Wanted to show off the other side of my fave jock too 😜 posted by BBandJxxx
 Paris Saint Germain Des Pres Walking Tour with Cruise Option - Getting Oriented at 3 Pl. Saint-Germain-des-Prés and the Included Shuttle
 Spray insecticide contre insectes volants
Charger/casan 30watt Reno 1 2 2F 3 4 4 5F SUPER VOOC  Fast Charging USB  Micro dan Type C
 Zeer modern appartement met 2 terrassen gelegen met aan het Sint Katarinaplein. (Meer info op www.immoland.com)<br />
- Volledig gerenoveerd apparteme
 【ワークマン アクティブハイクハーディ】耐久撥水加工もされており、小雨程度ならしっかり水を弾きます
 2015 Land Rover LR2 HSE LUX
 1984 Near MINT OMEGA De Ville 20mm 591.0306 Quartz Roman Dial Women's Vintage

## [WHAT IS NEEDED]
Set down, word for word and with no other lines, the listing from the line marked by "Zeer modern appartement" through its final line.

## [EXERCISE RESPONSE]
 Zeer modern appartement met 2 terrassen gelegen met aan het Sint Katarinaplein. (Meer info op www.immoland.com)<br />
- Volledig gerenoveerd apparteme
 【ワークマン アクティブハイクハーディ】耐久撥水加工もされており、小雨程度ならしっかり水を弾きます
 2015 Land Rover LR2 HSE LUX
 1984 Near MINT OMEGA De Ville 20mm 591.0306 Quartz Roman Dial Women's Vintage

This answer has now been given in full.